HOW TO COMPLETE THIS TASK: Without including any images, please transcribe all the lines below exactly.

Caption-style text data
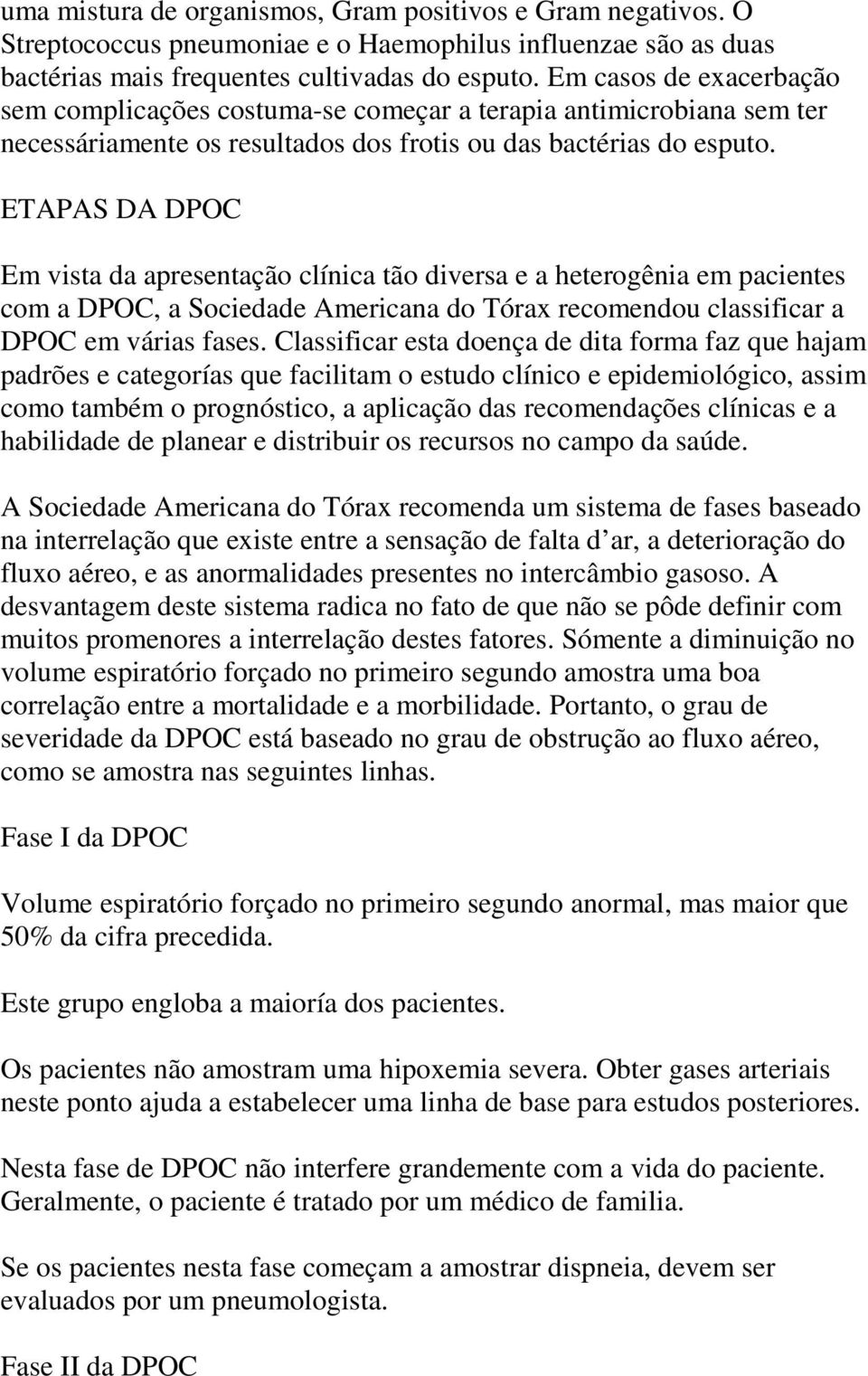 ETAPAS DA DPOC Em vista da apresentação clínica tão diversa e a heterogênia em pacientes com a DPOC, a Sociedade Americana do Tórax recomendou classificar a DPOC em várias fases.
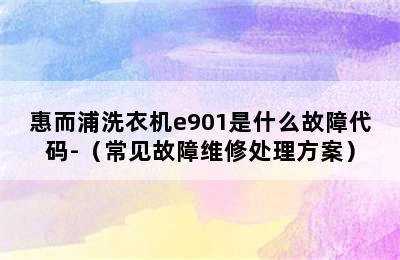 惠而浦洗衣机e901是什么故障代码-（常见故障维修处理方案）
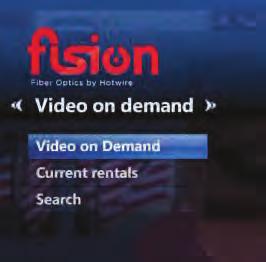 category Current Rentals Lists previously selected videos still available for viewing Search Search for your favorite Video On Demand titles by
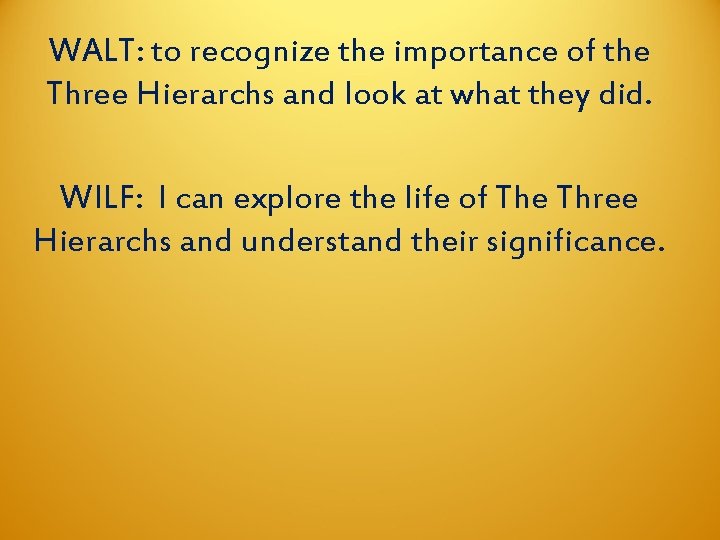 WALT: to recognize the importance of the Three Hierarchs and look at what they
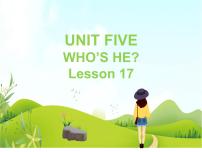 小学英语Unit 5 Who’s he?Lesson 17示范课ppt课件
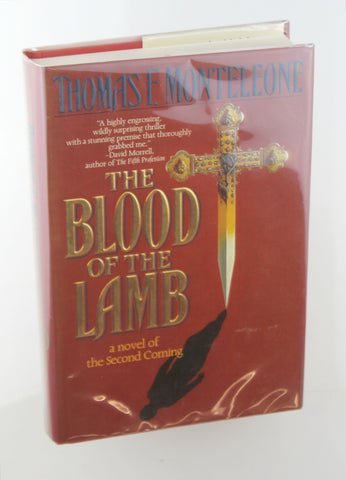 The Blood of the Lamb: A Novel of the Second Coming, by Monteleone, Thomas F. Signed First Edition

OUTPUT BELOW:
 ETAPAS DA DPOC Em vista da apresentação clínica tão diversa e a heterogênia em pacientes com a DPOC, a Sociedade Americana do Tórax recomendou classificar a DPOC em várias fases.
 惠而浦洗衣机e901是什么故障代码-（常见故障维修处理方案）
 category Current Rentals Lists previously selected videos still available for viewing Search Search for your favorite Video On Demand titles by
 WALT: to recognize the importance of the Three Hierarchs and look at what they
 小学英语Unit 5 Who’s he?Lesson 17示范课ppt课件
 The Blood of the Lamb: A Novel of the Second Coming, by Monteleone, Thomas F. Signed First Edition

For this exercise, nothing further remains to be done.